Novembers Doom This morning I woke up in fine form. Outside my window, the preening blue jays gaily serenaded one another. In the distance the sun rose, slowly ascending through the San Francisco fog to reveal a brilliant alpen glow. From inside my flat, the biting aroma of freshly brewed Folgers Instant hung thickly in the air. The stars are aligned. Horoscope looks good. I'm calm and relaxed. It's gonna be a glorious day! Then I popped in The Pale Haunt Departure by Novembers Doom. Immediately my smile turned to a grimace of strain. Elation turned to horror. I became overwhelmed with a sense of impending doom. Shit, I've got to be at work in 20 minutes. Oh yes, even Wal-Mart customers need a friendly greeting. I'm 34 and I live in my parents' basement. And to top it off, I've never had a sexual relation I didn't pay for! (ok there was that one time on the Craigslist "Casual Encounters" section -- well at least I now know what "BBW" stands for...I digress..) Screw 12 steps, where's my jug of Moonshine? In case you haven't yet figured it out, Novembers Doom are about as uplifting as a Van Gogh memoir. This is music for the sullen breed. It's for the curled-in-a-dark corner-wearing-all-black-feeling-sorry-for-yourself lot. Vocalist Paul Kuhr does his best to make your bleak existence even more miserable.
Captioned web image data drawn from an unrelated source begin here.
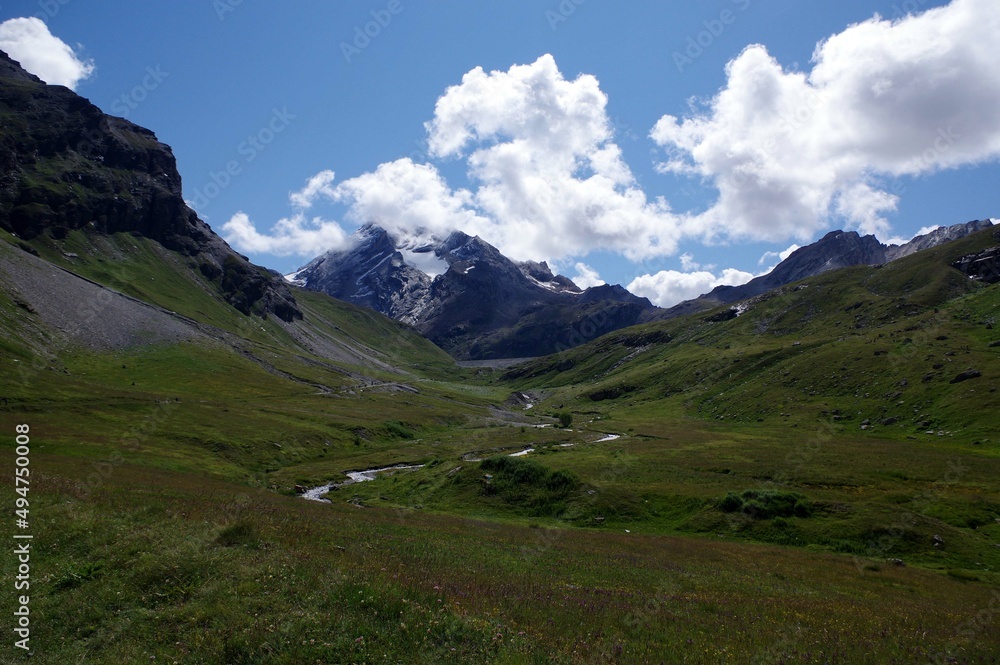 Fototapeta premium Réserve naturelle nationale de la Grande Sassière, Savoie 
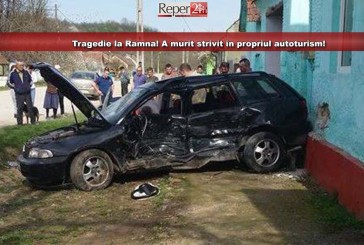 Tragedie la Ramna! A murit strivit în propriul autoturism!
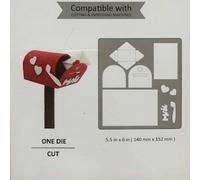 Bigz Cassetta Lettere per Big Shot Sizzix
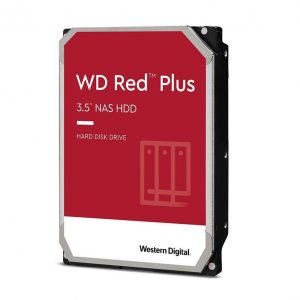 Western Digital WD Red Plus 12TB 3.5' NAS HDD SATA3 7200RPM 256MB Cache 24x7 180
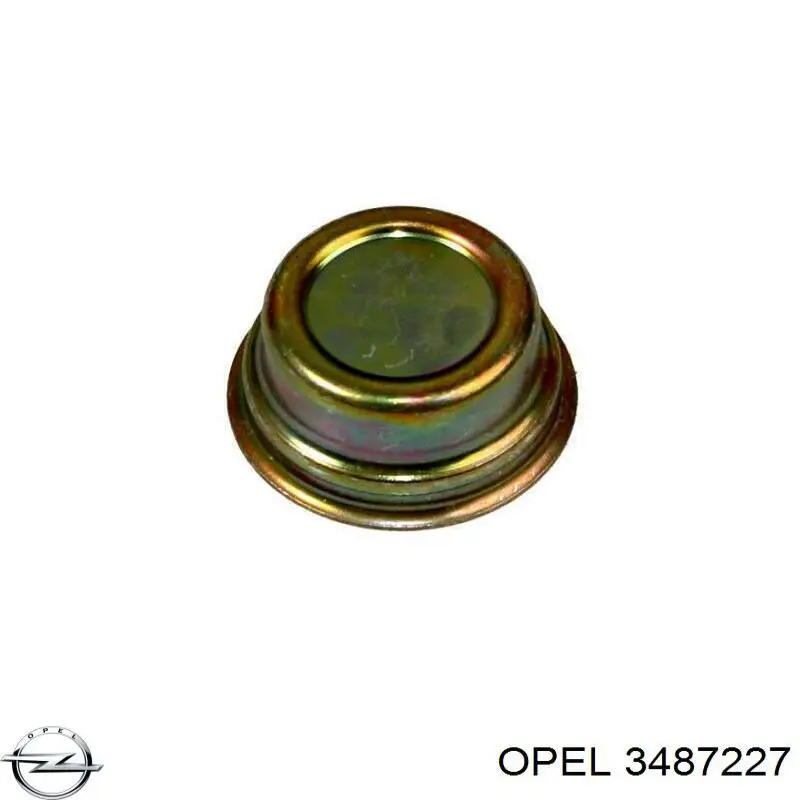 3487227 Opel Ремкомплект гальмівної системи
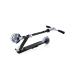 Самокат GLOBBER серії FLOW ELEMENT LIGHTS, чорний, колеса з підсвіткою, до 100кг, 5+, 2 колеса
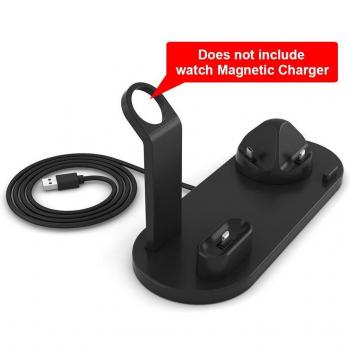 Support de chargement 3 en 1 pour Apple Watch, AirPods et iPhone 11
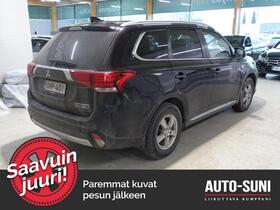 Mitsubishi Outlander PHEV vaihtoauto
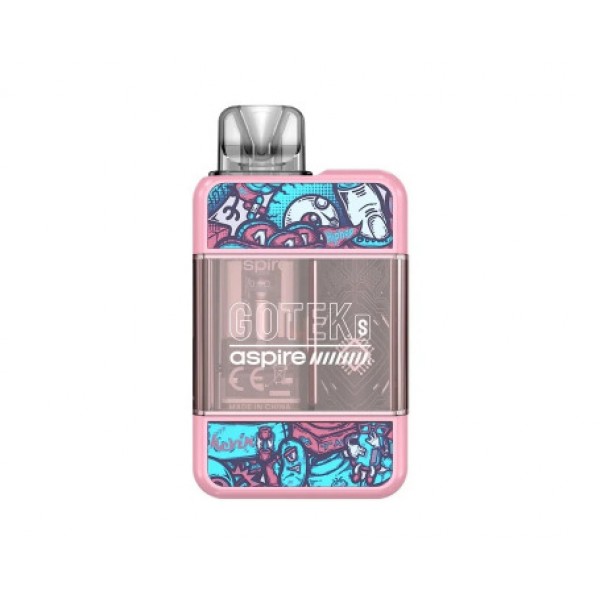 Aspire Gotek S Kit (Pink) ΗΛΕΚΤΡΟΝΙΚΑ ΤΣΙΓΑΡΑ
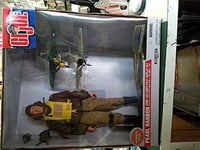 Gi Joe Pearl Harbor Army Air Corps Pilot Display Set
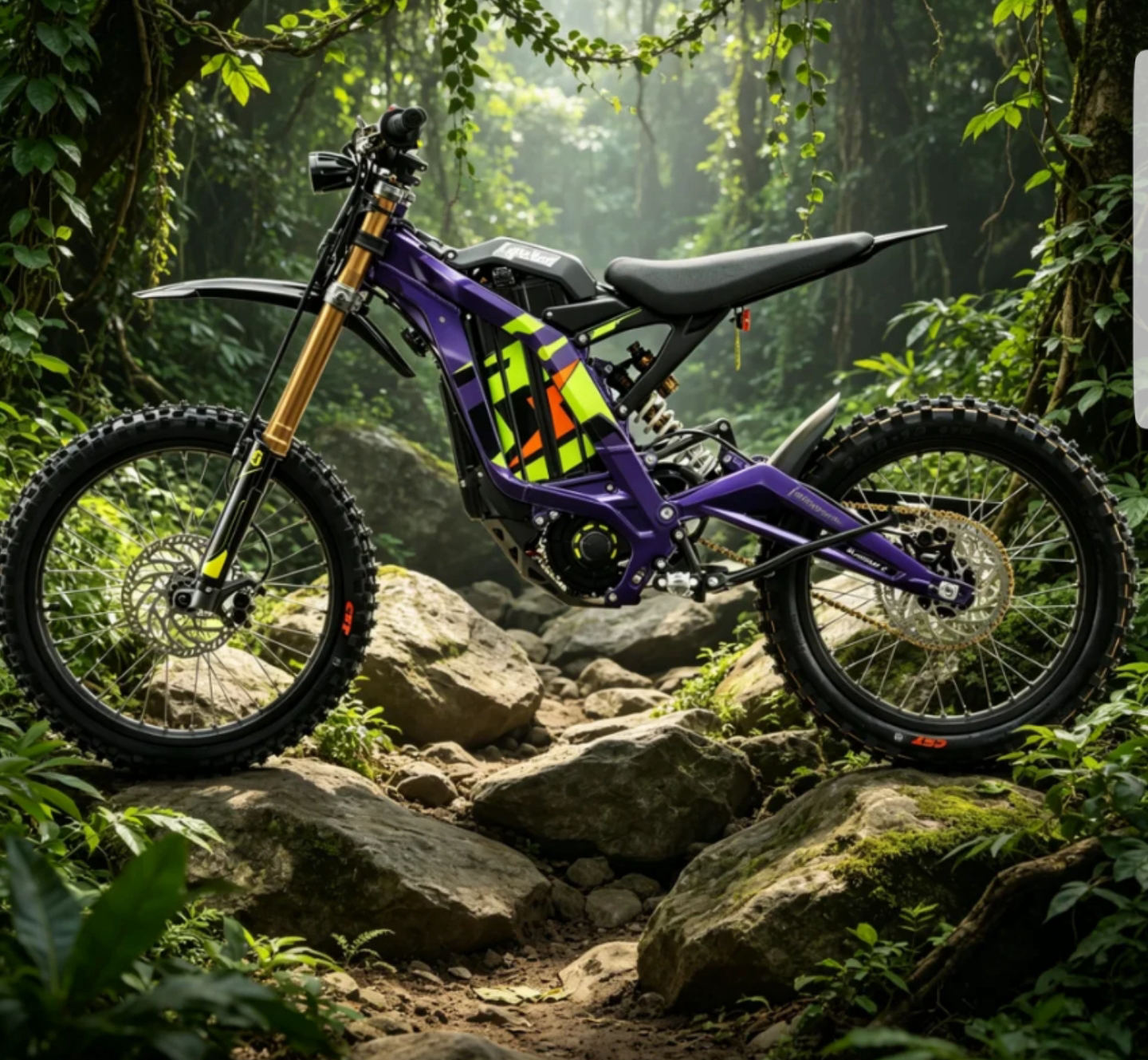 Moto tout terrain électrique 2026 - 3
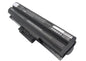 Replacement Battery for Sony  AIO VPCF11JFX/B VAIO VPCF11M1E – Notebook, Laptop – 6600mAh / 73.26Wh / 11.1V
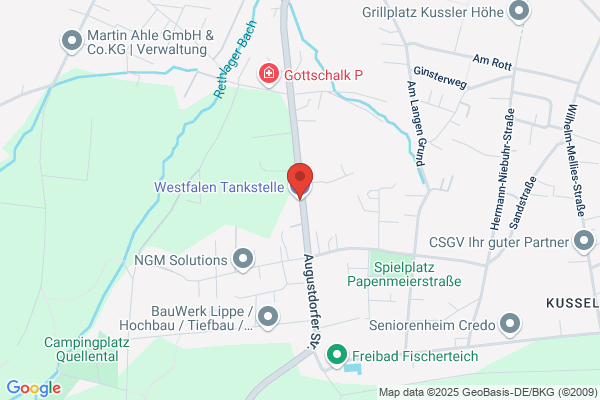 Westfalen Tankstelle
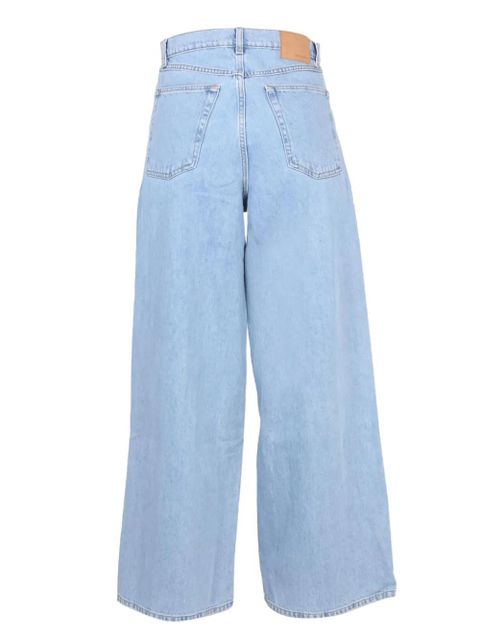 Magda Butrym five-pocket jeans - Blue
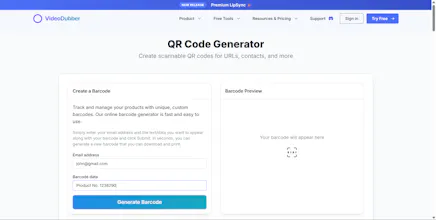 Barcode Generator gallery image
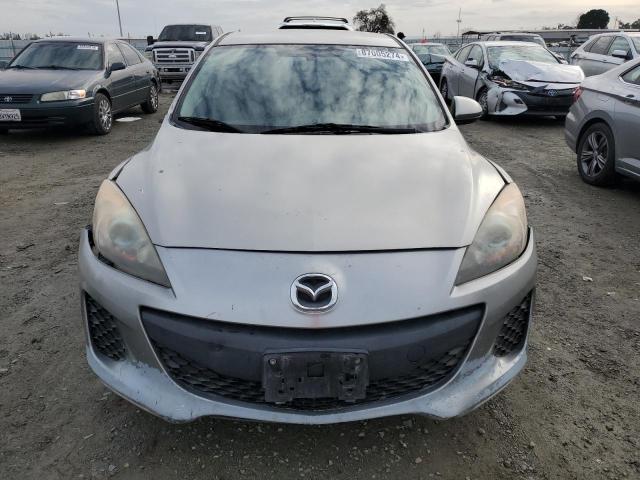  MAZDA 3 2013 Srebrny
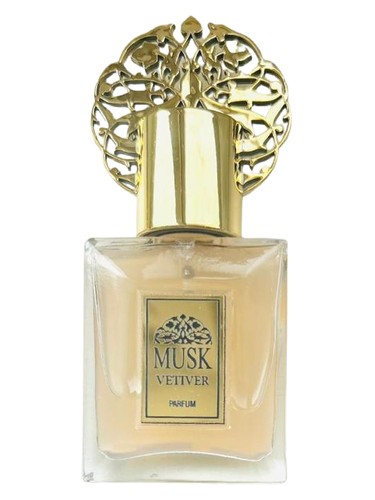 Frasco de Musk Vetiver, de AMD Perfumes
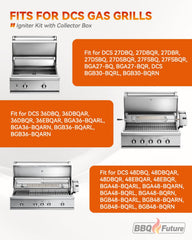 BBQ Future stainless steel electrode close-up highlighting corrosion resistance
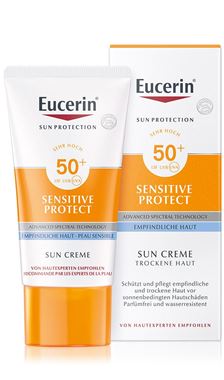 EUCERIN Sun Sonnencreme Gesicht LSF50+ 50ml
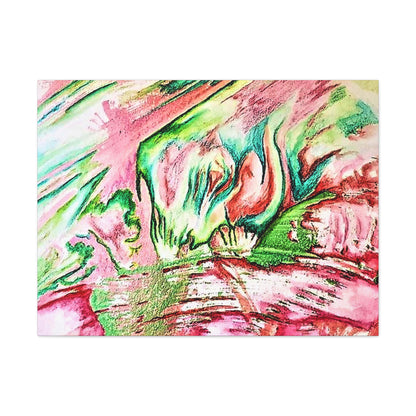 Pink Forest Canvas Gallery Wraps 40″ x 30″ 1.25"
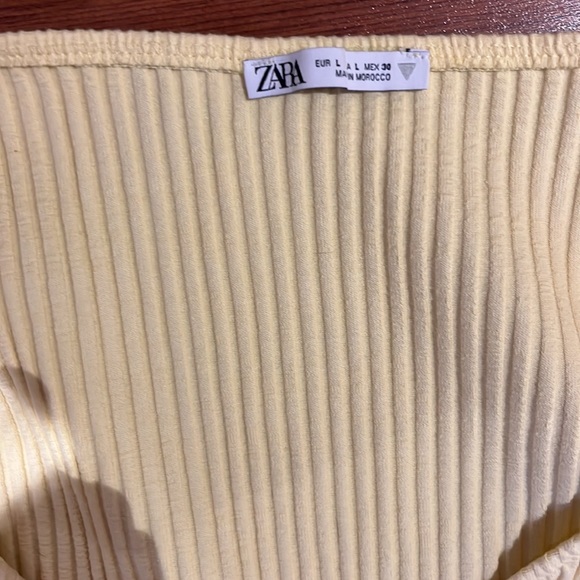 Zara CUT OUT DRESS - Picture 4 of 4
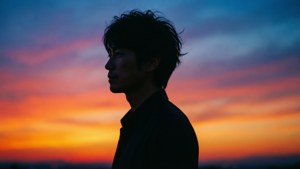 Silhouette Sunset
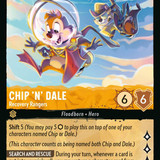 14-204-EN-6 - Chip 'n' Dale - Recovery Rangers - Lorcana Player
By varying between soft, subdued melodies and full-on death metal roar, Kuhr's earnest delivery ensures the fate of a culling song. The cheese/ cliche factor is present, with lyrics like "..I live in a dark world, where no light shines.." Oh, come on! Dark world? Try Hellen Keller, now that's a dark world! The performance and production of The Pale Haunt Departure is certainly
impressive. Everyone plays tastefully within their limits, complementing
rather than limelighting. Like the world champion New England Patriots, Novembers
Doom epitomize cohesion; where the sum of the parts greatly outweighs
the individual effort. Producer extraordinaire Dan Swano (Dissection,
Bloodbath, Marduk) eloquently shapes a sound conducive to the music.
Think more delicately beveled mahogany, less crudely band-sawed plywood.
Soft around the edges. Dense, but without a splintery sharpness.